Avenida da Liberdade is the main thoroughfare in Lisbon, and as a result is where you will find the greatest concentration of shops (both high end and high street), cafés and theatres. There are also many stylish buildings along here; the most acclaimed are numbers 206-218. Some boast art nouveau windows, while others house a branch of Prada. The middle of the avenue is very attractive, as it is decorated with water features, sculptures and flowers.
Funchal, capital of Madeira, began life as a pirate town, cultivating fennel. Nowadays, it is a vibrant city, with a host of upmarket hotels and restaurants. It is very popular all year round with tourists, as it is sunny whatever the season. Here, one will find sun, sea, sand, history, culture and easy access to nature reserves and mountains. With all this to offer, it is little surprise that those who visit here return time and time again.
For some decades now, Funchal has been a stop-off point for Atlantic cruise ships. This is because the centre of the old town, with all its heritage, shops, eateries and coffee shops, is easily accessible from the harbour. The view from deck as the ship sails into Funchal Harbour is considered to be amongst the most impressive in the world; rivalled only by Rio de Janeiro. It is customary for the majority of European cruise ships on their maiden voyage to stop here.
Albufeira’s location on the coast means that it is relatively easily accessible by a number of different nationalities. First came the ancient Romans, who established a settlement that they named Baltum. The Romans were great administrators; they brought to the newly founded Baltum innovative farming methods, as well as establishing mines and businesses. Even today, one can still see evidence of the streets, bridges and aqueducts that they built.
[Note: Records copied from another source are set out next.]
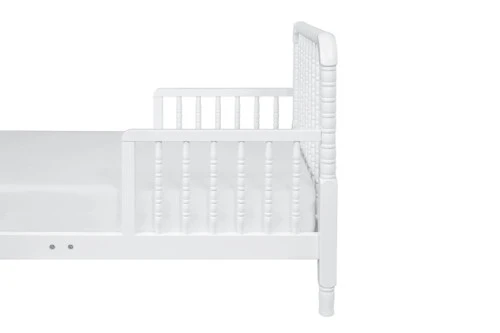 Davinci Jenny Lind Toddler Bed 3 Davinci Jenny Lind Toddler Bed - Image 3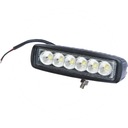 Pracovná LED lampa 693LED0097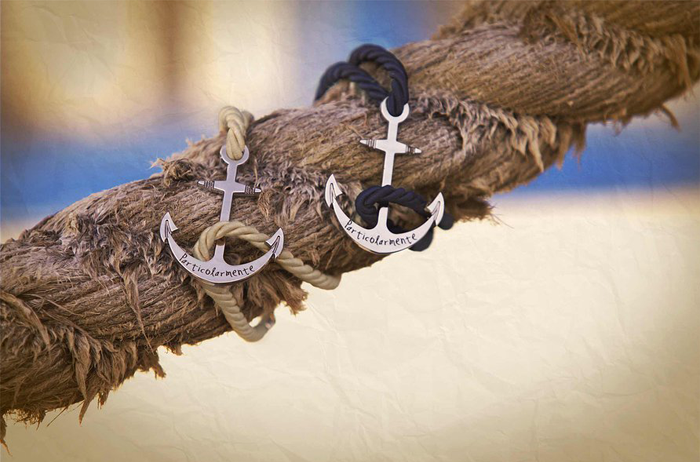 Particolarmente: la nuova originale linea di bracciali Made in Italy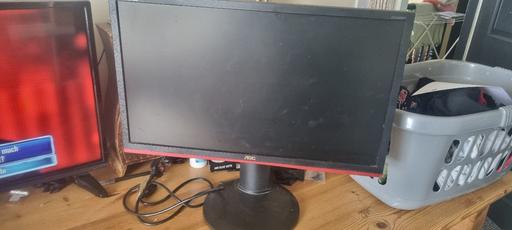 Buy & Sell Birkenshaw Kirklees - Photos for pc monitor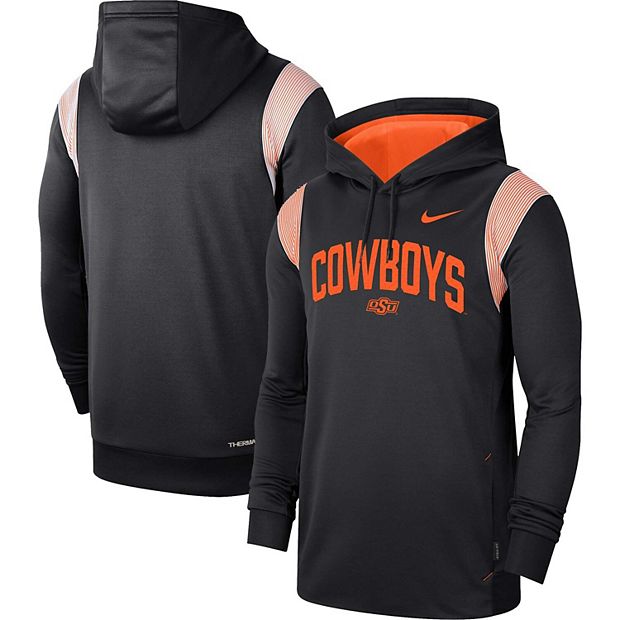 Men's Nike Black Oklahoma State Cowboys 2022 Game Day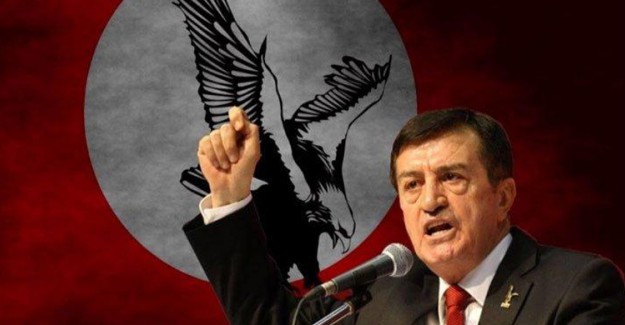 HEPAR Kendisini Kapattı !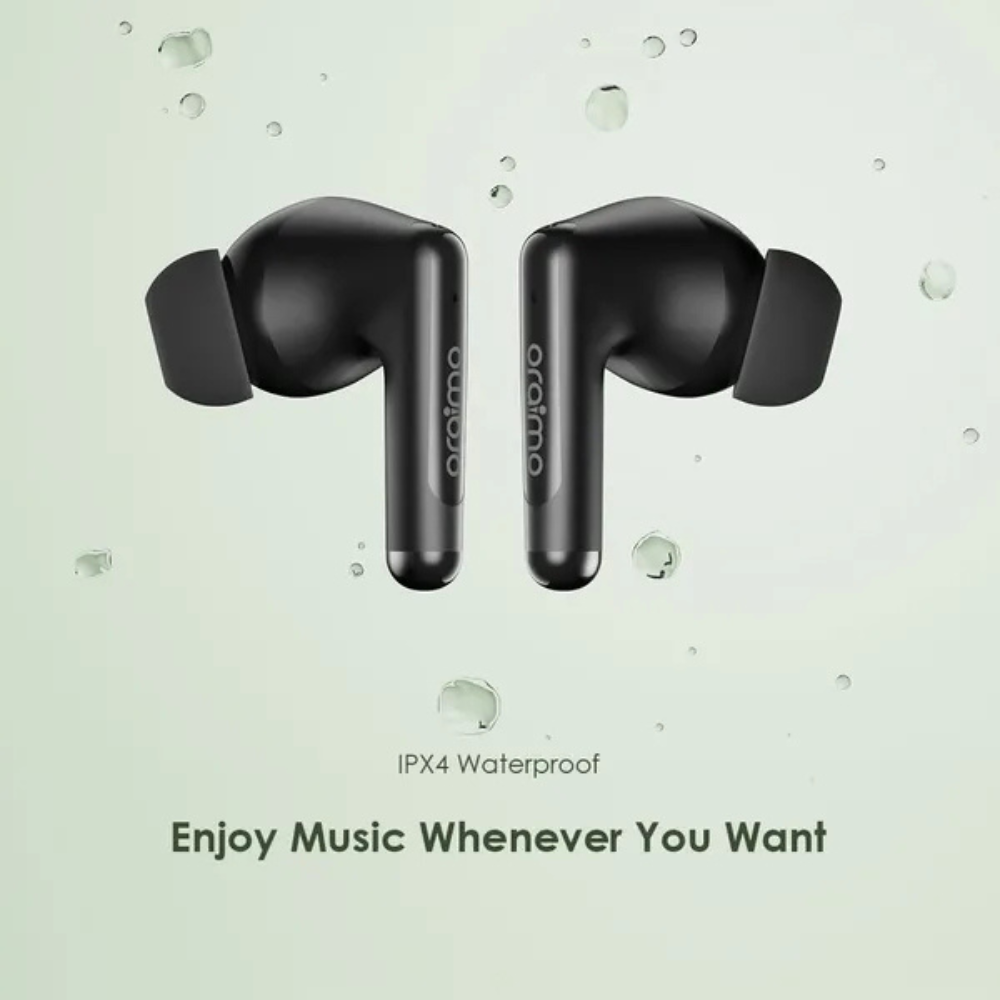 Oraimo SpaceBuds Neo True Wireless Spatial Earbuds - Image 5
Over the millennia, Baltum’s citizens were also heavily influenced by the Greek, Carthaginian and Phoenician peoples, who gave them the concepts of money, preserving food with salt, and the alphabet.
As Baltum began to trade with coastal North African countries, the Moors migrated here, quickly spreading along the Algarve. They referred to the town as Al-Buhera; meaning Castle of the Sea. It is thought that this was a reference to a fortress then in existence. At that time this fortress stood on top of an imposing rock, which overlooked the lagoon in the town’s low-lying section. Over time, the name ‘Albufeira’ came into being. The Moors also made their own contributions to farming practices in the region, as they introduced new methods of cultivating the land, ploughs, fertilizers and water wheels (used to bring water up from wells deep under the ground).